Issue (i): Whether the State Government, when deciding to establish a Government run medical college, was required to submit an application to the University under Section 64 of the Maharashtra University of Health Sciences Act, 1998 for permission from itself.
Analysis: The statutory scheme under the Indian Medical Council Act, 1956 and the Regulations framed thereunder required an Essentiality Certificate from the State Government only for a person or management seeking to establish a medical college. Section 64 of the State Act used the expression "management" in a context that could not be mechanically applied to the State Government, because that would require the State to apply to itself for permission and Essentiality Certificate. The definition clause in Section 2(21) of the State Act could not control Section 64 where the context required otherwise. The provision was therefore read as applying to private managements or others, not to the State Government establishing its own college.
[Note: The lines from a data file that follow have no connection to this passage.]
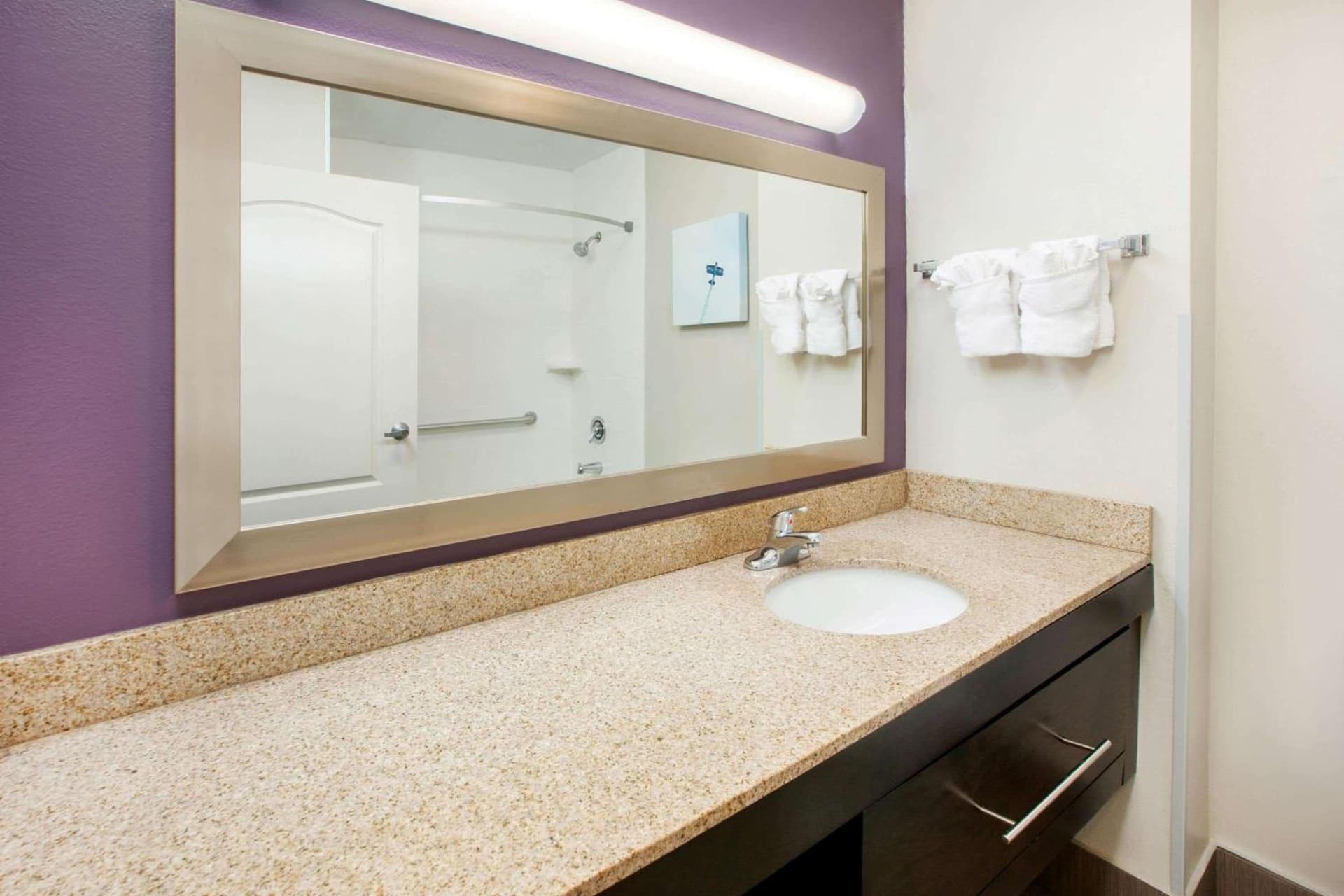 La Quinta by Wyndham Cincinnati Airport Florence gallery photo in Florence, KY — image 24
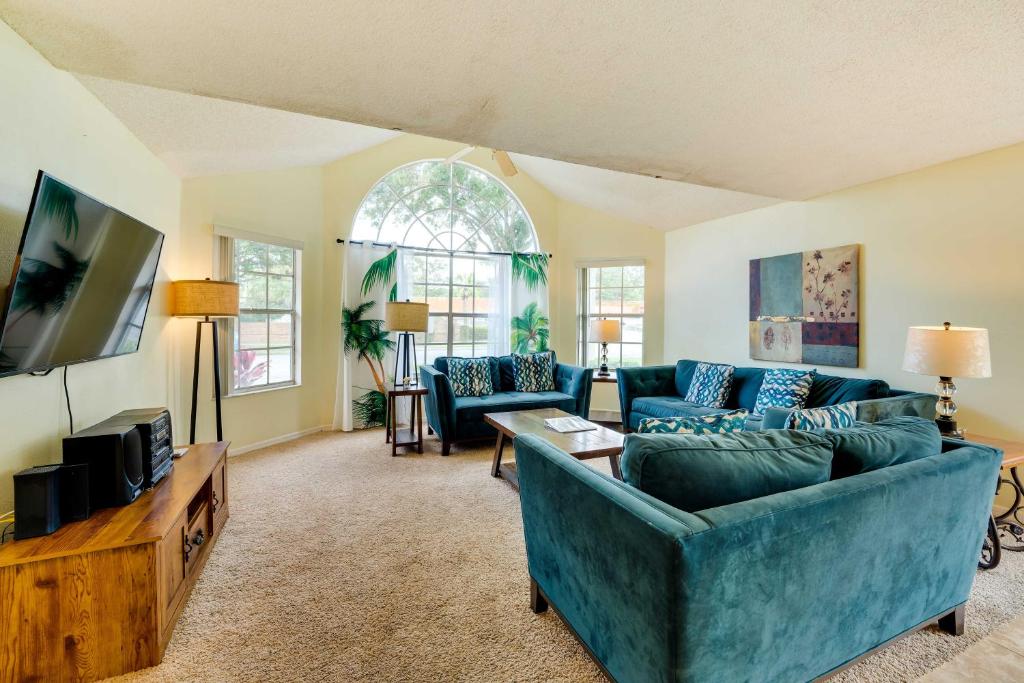 Laguna Bay Condo with Pool 7 Mi to Disney World! photo 1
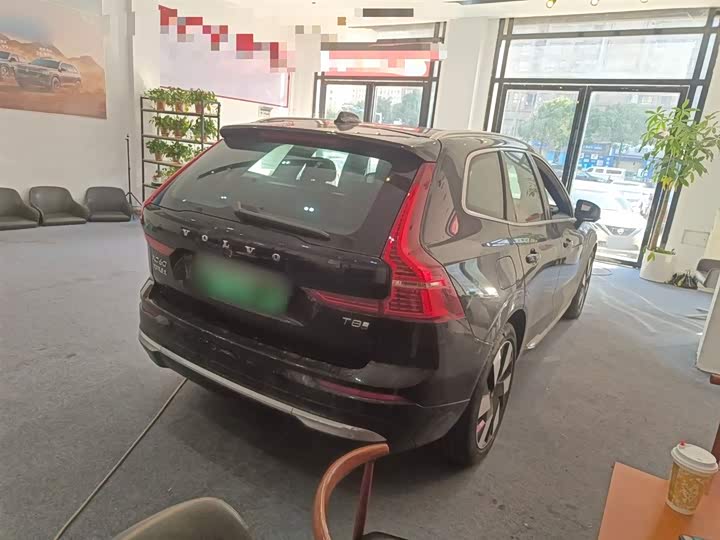 Volvo XC60 Hybrid 2025 2025款 插电式混动 长续航四驱智雅豪华版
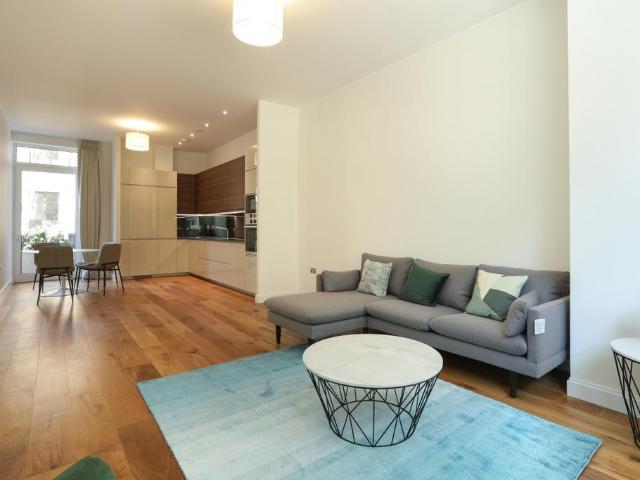 Concierge, 1 Cloud Street, London, E15 2ZP, United Kingdom | 2 bed apartment for rent #140398995 | Rentberry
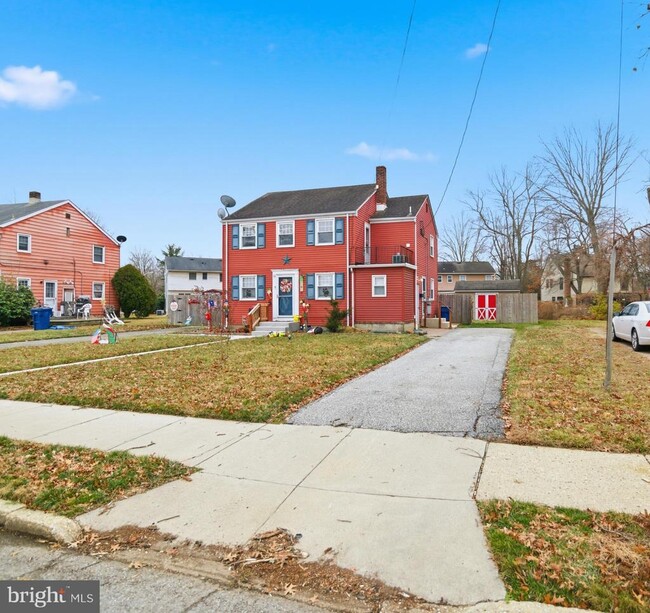 Building Photo - 40 Lee St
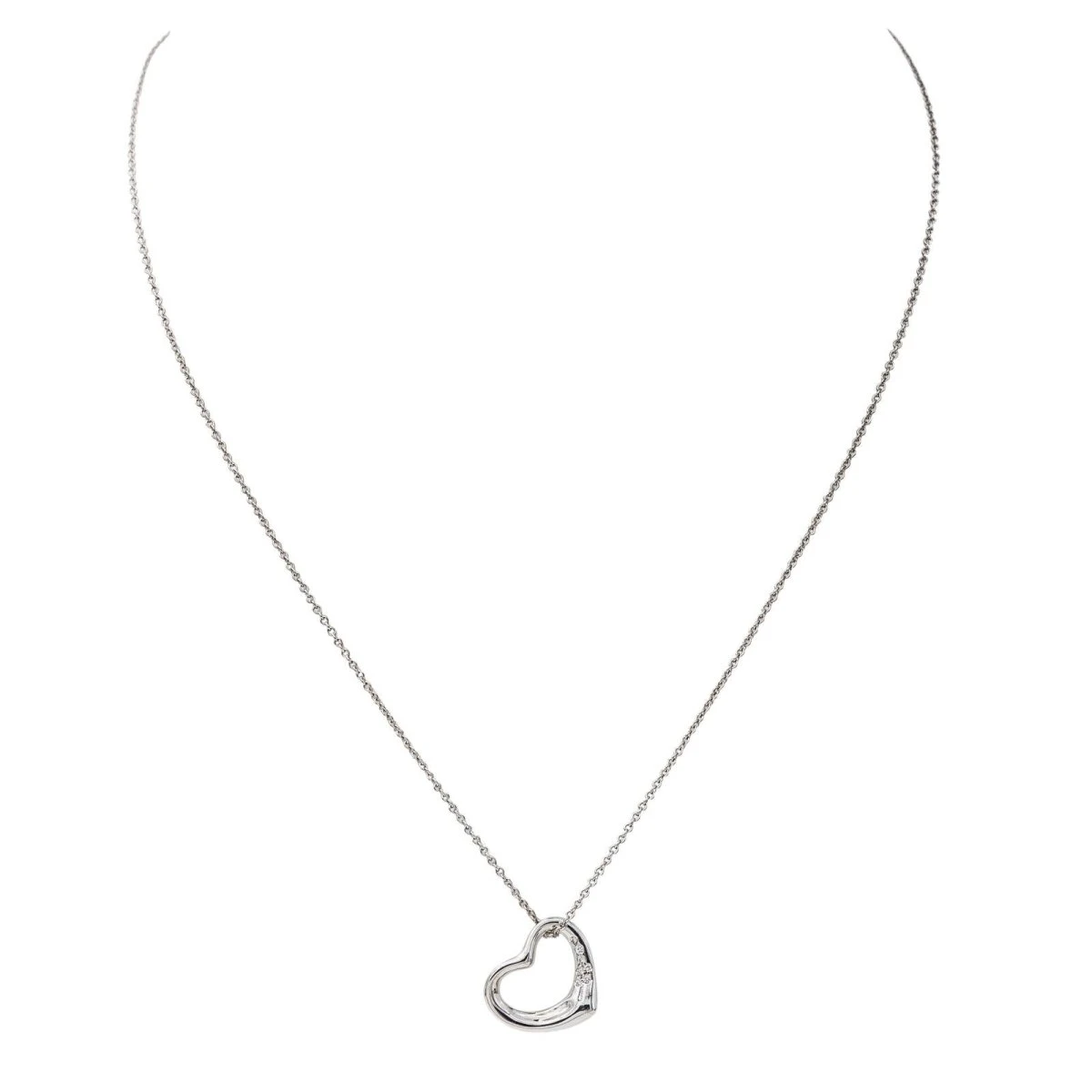 Collier TIFFANY & CO. "Open Heart" En Platine Et Diamant 3 Collier TIFFANY & CO. "Open Heart" En Platine Et Diamant – Image 3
Conclusion: The State Government was not required to submit any application to the University under Section 64 for establishing a Government run medical college.
Issue (ii): Whether the perspective plan prepared by the University under Section 64 of the Maharashtra University of Health Sciences Act, 1998 was binding on the State Government when it resolved to establish a Government run medical college.
Analysis: The perspective plan under Section 64 controlled applications made by managements seeking permission to open new colleges, but the State Government was not such an applicant when it set up its own college. The plan, therefore, did not operate as a binding restriction on the State Government in that situation. At the same time, the plan served as a relevant guideline to avoid arbitrariness and to further regional balance. On the facts, the State Government's decision was found to be in substantial compliance with the perspective plan.
Conclusion: The perspective plan was not strictly binding on the State Government when it established its own medical college, and the impugned decision did not suffer from invalidity on that ground.
Final Conclusion: The challenge to the State Government's decision failed, because the statutory permission mechanism and the University's perspective plan were held inapplicable as binding constraints on the State's decision to establish its own medical college.
Ratio Decidendi: Where a statutory permission scheme and an associated perspective plan are framed for applicants seeking approval to open a new college, the State Government, when establishing its own institution, is not to be treated as an applicant to itself unless the statute clearly compels that result by express language or necessary context.